Try it:
Of the entries below, copy only those lines that contain the word "Egelund".

Excerpted records:
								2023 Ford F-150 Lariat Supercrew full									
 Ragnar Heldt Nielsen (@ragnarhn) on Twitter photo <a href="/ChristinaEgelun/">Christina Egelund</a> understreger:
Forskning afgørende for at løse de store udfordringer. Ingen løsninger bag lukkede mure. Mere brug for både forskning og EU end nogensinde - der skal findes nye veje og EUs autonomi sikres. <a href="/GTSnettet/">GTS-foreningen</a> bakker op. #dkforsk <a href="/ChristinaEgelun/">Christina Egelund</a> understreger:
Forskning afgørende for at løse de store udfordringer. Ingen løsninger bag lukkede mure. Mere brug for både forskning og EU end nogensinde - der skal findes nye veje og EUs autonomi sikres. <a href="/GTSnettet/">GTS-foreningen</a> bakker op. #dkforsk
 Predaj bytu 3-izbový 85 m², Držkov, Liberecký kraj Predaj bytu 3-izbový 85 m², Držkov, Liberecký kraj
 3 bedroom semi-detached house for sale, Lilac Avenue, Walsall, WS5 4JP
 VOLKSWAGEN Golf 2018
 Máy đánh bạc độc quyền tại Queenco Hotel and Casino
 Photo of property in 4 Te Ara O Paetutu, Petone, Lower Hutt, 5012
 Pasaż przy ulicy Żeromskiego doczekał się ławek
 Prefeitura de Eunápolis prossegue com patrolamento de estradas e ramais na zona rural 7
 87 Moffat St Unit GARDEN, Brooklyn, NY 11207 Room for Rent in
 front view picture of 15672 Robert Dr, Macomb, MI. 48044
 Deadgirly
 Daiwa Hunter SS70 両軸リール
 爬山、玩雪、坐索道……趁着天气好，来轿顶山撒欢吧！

Written answer:
 Ragnar Heldt Nielsen (@ragnarhn) on Twitter photo <a href="/ChristinaEgelun/">Christina Egelund</a> understreger:
Forskning afgørende for at løse de store udfordringer. Ingen løsninger bag lukkede mure. Mere brug for både forskning og EU end nogensinde - der skal findes nye veje og EUs autonomi sikres. <a href="/GTSnettet/">GTS-foreningen</a> bakker op. #dkforsk <a href="/ChristinaEgelun/">Christina Egelund</a> understreger:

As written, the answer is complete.